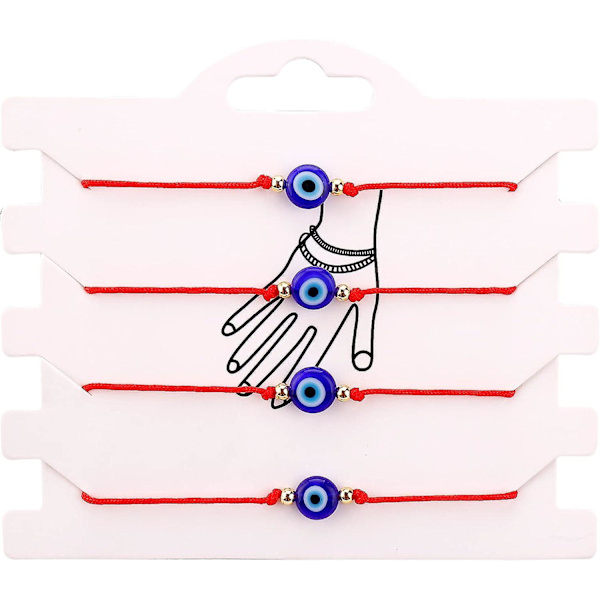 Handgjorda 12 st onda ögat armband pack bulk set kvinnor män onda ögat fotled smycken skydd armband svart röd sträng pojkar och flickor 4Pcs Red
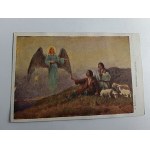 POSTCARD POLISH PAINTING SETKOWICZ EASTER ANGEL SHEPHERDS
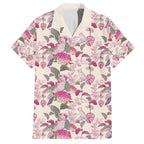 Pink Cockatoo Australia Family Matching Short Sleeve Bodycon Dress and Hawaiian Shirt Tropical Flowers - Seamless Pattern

--

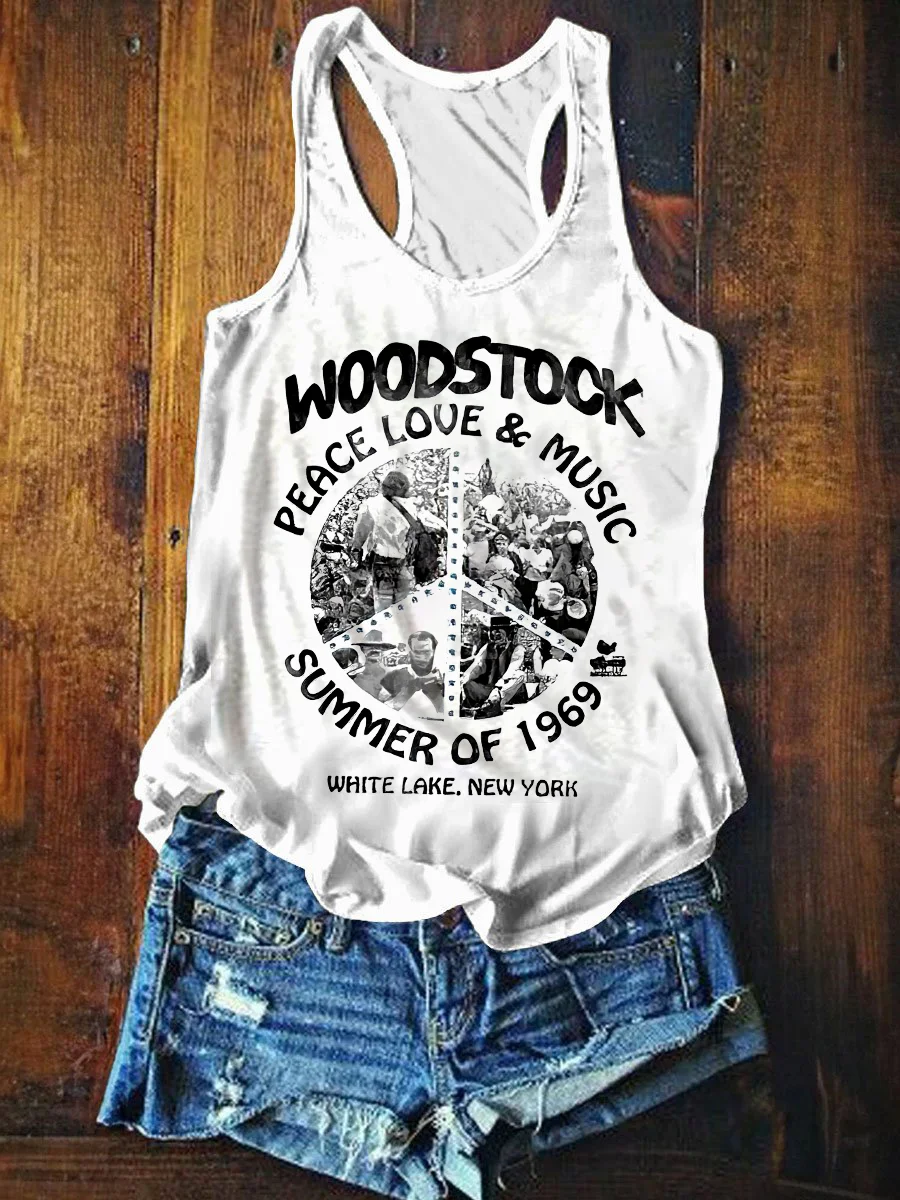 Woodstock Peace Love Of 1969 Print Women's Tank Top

THE PROBLEM | The lines to copy exactly start with the line above that has "Handgjorda 12 st" and go on through the line that has "POSTCARD POLISH PAINTING"; please include both, add nothing else, and omit the pictures.

PROBLEM SOLUTION |
 Handgjorda 12 st onda ögat armband pack bulk set kvinnor män onda ögat fotled smycken skydd armband svart röd sträng pojkar och flickor 4Pcs Red
 POSTCARD POLISH PAINTING SETKOWICZ EASTER ANGEL SHEPHERDS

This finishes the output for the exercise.